The description of the Torah as a feminine, celestial image lends it a special dimension. The Torah is not only a vehicle for expression of the system of mitzvot and laws of God, but exists in its own right. It is a sovereign entity that has a love relationship with God. This explains one of the underpinnings of Rabbinic Midrash about the revelation at Sinai: the difficulty in the giving of the Torah that can be compared to the hardship endured in parting from a loved one. Thus, in Midrash Peskita Rabbati:

When God gave the Torah to Israel, the earth rejoiced and the heavens wept…This is compared to a parable about a King who arranged a wedding for his daughter. The city residents did not come and did not offer praise.
The villagers came and offered praise, with harps and violins and all kinds of music.
The King proclaimed: It is customary that the city residents, who are familiar with the King’s honor, should come to praise his daughter.
Thus God, when he gave the Torah to Israel, the earth rejoiced but the heavens did not.
God said to the heavens: You who reside above, you should be offering more praise to my honor and to my daughter than the earth!

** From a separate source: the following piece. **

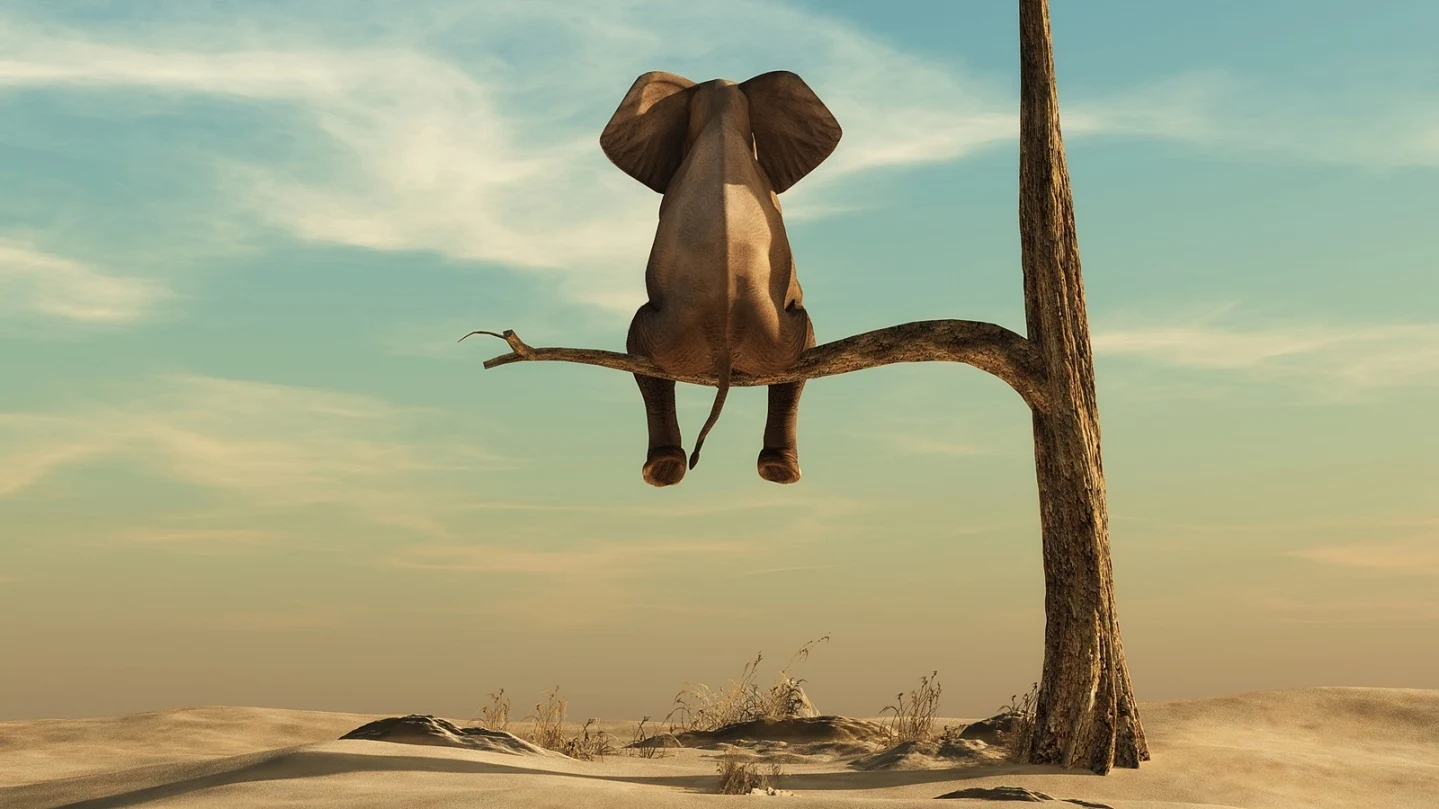 Wissenstest: Crazy-Nature-Quiz - tierische Überraschungen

They answered: Master of the Universe, it is fitting that the earth should give praise for she received the Torah. We, who are parting from the Torah, should we sing praise and not be sad? As it is written, “Lord, when You went forth out of Seir, when You marched out of the field of Edom, the earth trembled, the heavens also dropped, yea, the clouds dropped water. The mountains quaked at the presence of the Lord.” (Judges 5:4-5)

(Peskita RabbatiIsh Shalom edition, Parasha 20)

This parable compares the giving of the Torah to the wedding day of the King’s daughter. The villagers celebrate and sing to them. But the city residents, who are more familiar with the King and his daughter, find it difficult to rejoice with her, because they know that they must part from her. The parable expresses the mixed feelings of the father and his daughter on her wedding day; the city residents and villagers represent the opposing emotions of the king. The verses brought from the Book of Judges describe the earth trembling with joy but the heavens crying (raining), lamenting the removal of the Torah from their midst. The Kalir must have had this midrash in mind when he wrote: “When she was given, mountains turned to flowing water.”

The revelation at Sinai is described in the parable as part of an ineluctable maturing process. Just as the King’s daughter must marry and leave her father’s palace, so must the Torah be given to Israel, despite the mixed emotions of the heavenly bodies.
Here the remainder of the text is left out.